[About this exercise]
Extract, exactly and without pictures, every line from the one that includes "Ankara deprem bölgesi" through the final line of the material below.

[Information provided]
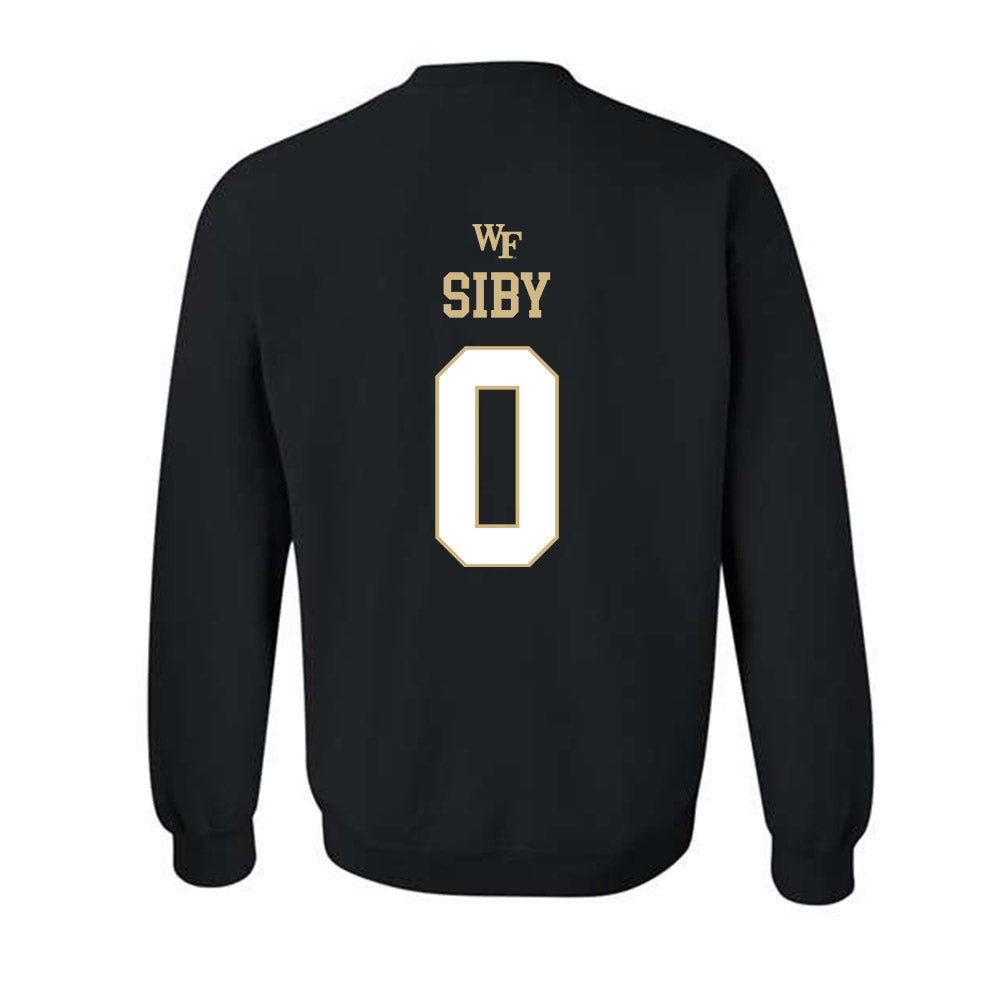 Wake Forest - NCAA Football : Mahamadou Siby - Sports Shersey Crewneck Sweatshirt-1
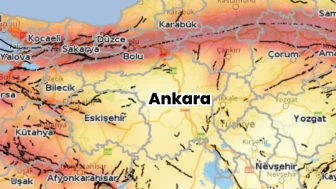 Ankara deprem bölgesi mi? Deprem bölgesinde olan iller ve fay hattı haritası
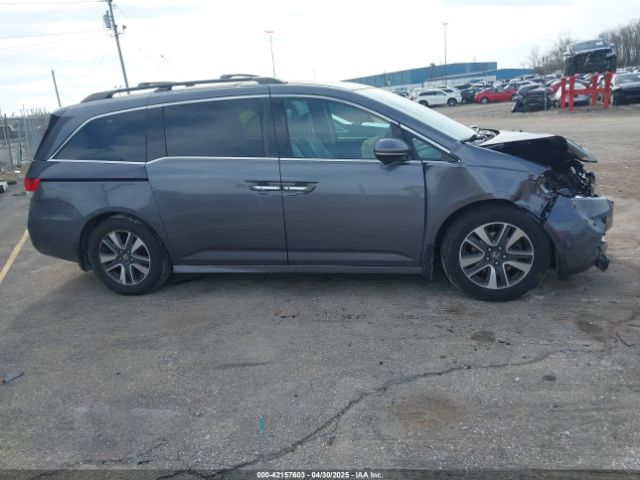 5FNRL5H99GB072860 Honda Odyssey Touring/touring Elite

[Written response]
 Ankara deprem bölgesi mi? Deprem bölgesinde olan iller ve fay hattı haritası
 5FNRL5H99GB072860 Honda Odyssey Touring/touring Elite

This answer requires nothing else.